INPUT
┄┄┄┄┄┄┄┄┄┄

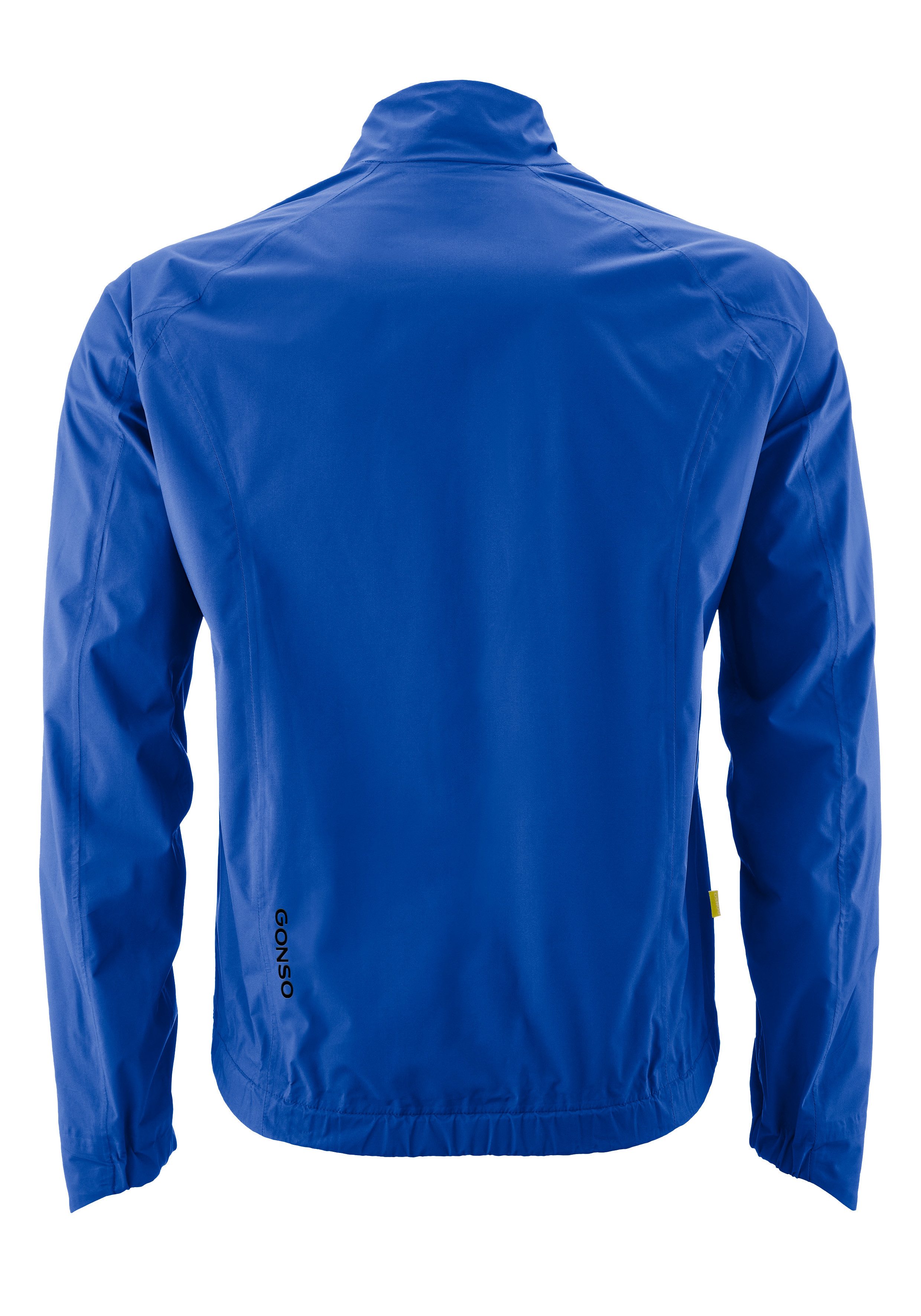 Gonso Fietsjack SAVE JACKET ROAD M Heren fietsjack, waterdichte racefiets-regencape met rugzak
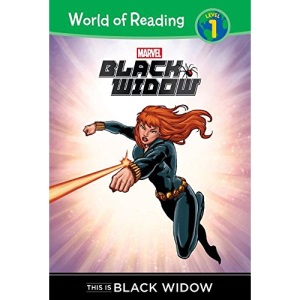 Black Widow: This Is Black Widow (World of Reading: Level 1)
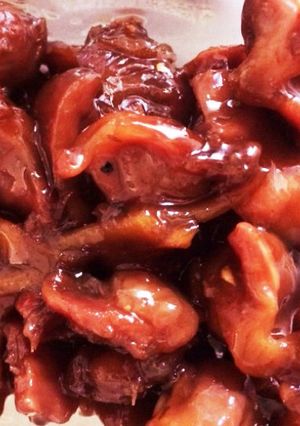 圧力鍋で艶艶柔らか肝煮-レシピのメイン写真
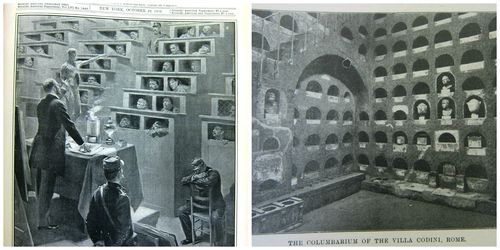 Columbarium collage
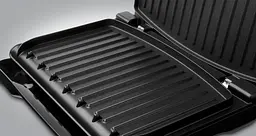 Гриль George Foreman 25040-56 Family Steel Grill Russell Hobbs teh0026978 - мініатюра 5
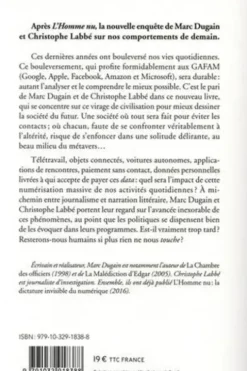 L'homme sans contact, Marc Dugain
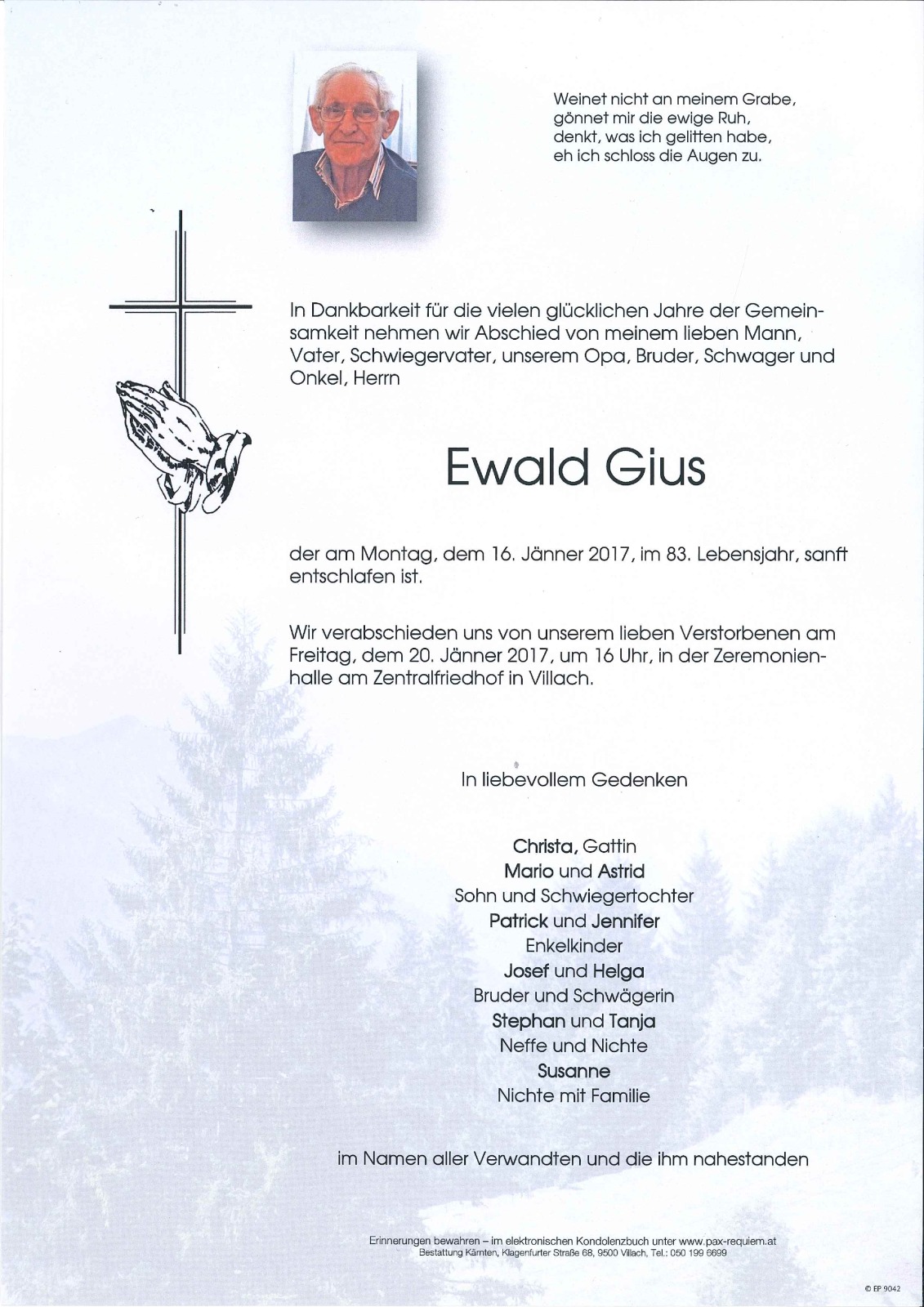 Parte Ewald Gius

┄┄┄┄┄┄┄┄┄┄

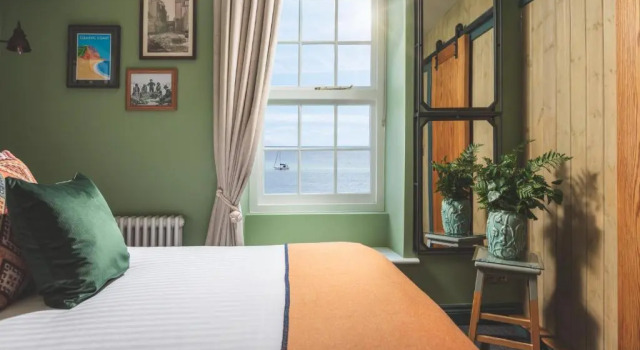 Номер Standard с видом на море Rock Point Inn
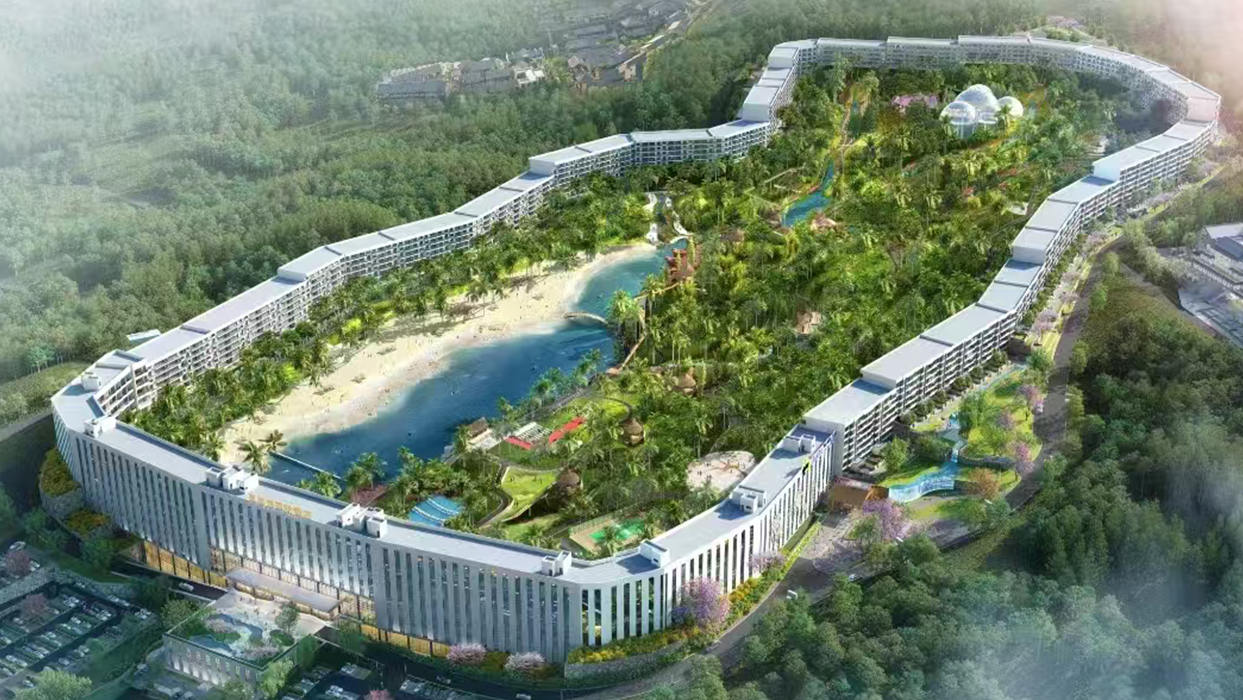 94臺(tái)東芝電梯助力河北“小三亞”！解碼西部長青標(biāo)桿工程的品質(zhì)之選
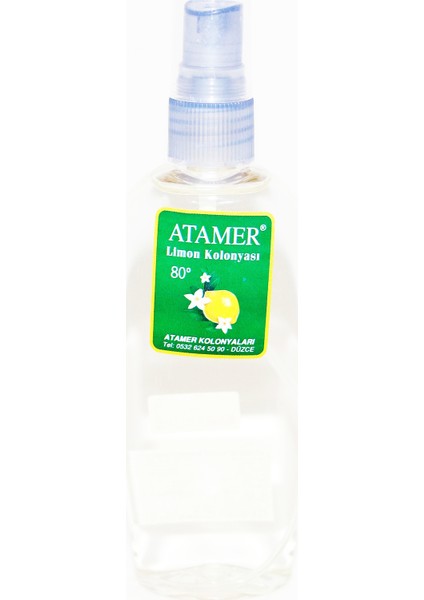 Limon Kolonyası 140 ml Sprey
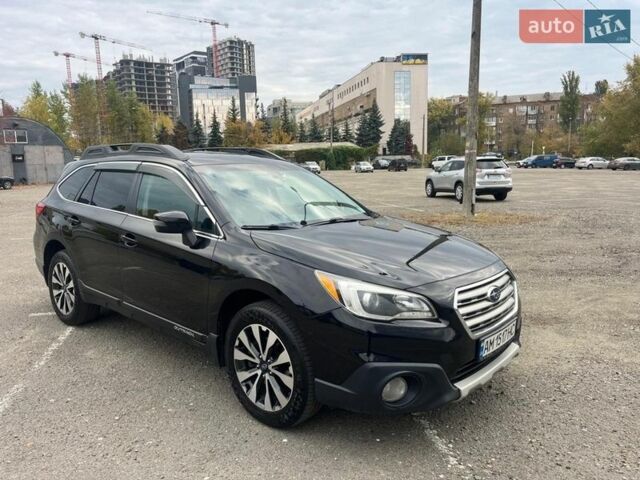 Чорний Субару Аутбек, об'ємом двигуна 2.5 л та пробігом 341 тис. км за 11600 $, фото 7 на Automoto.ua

┄┄┄┄┄┄┄┄┄┄

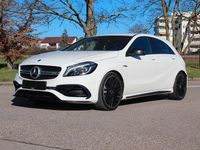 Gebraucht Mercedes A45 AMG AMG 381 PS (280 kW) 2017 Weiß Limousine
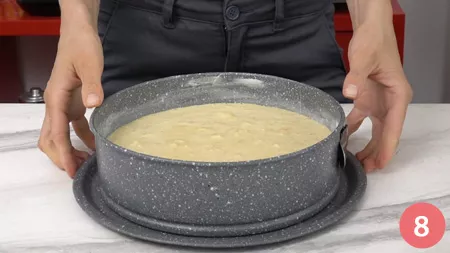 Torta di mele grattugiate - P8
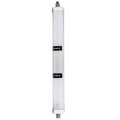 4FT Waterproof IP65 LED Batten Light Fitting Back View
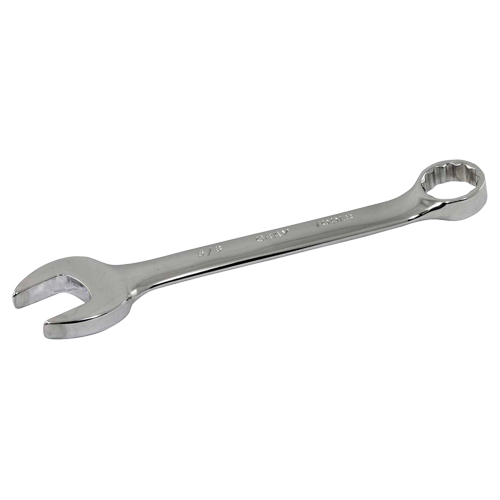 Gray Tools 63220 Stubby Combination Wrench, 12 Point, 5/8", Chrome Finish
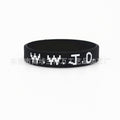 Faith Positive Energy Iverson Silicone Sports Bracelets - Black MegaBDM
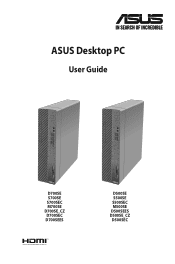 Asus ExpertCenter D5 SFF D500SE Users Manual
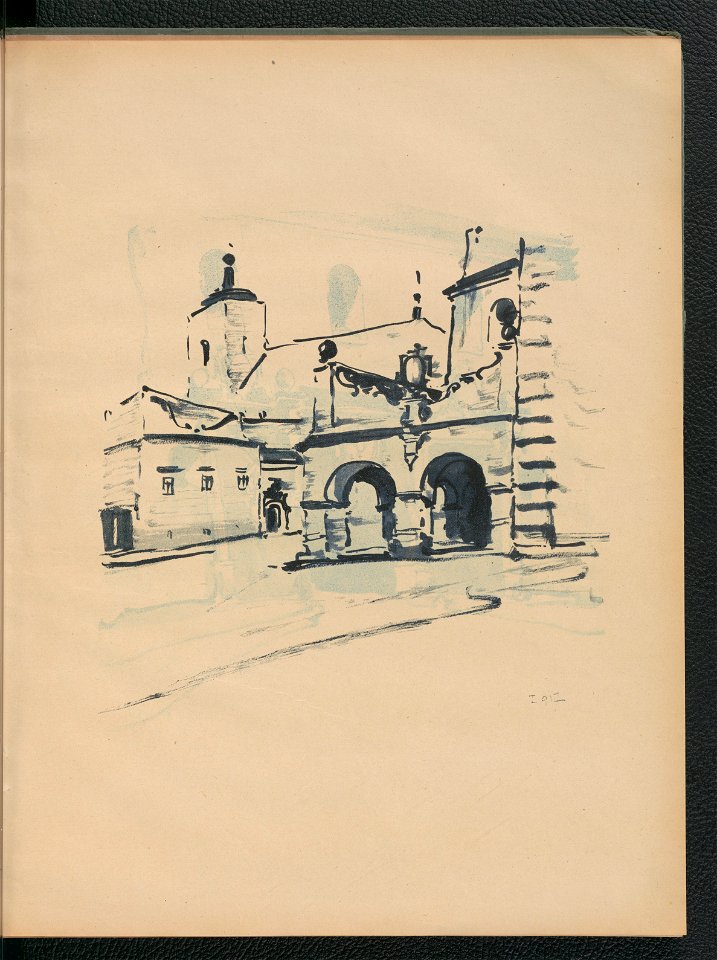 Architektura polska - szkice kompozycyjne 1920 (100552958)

┄┄┄┄┄┄┄┄┄┄

REQUIREMENT
With the pictures left out, write out exactly the lines above from the one containing "L'homme sans contact, Marc Dugain" through the one containing "Parte Ewald Gius".

SOLUTION TO THE EXERCISE
 L'homme sans contact, Marc Dugain
 Parte Ewald Gius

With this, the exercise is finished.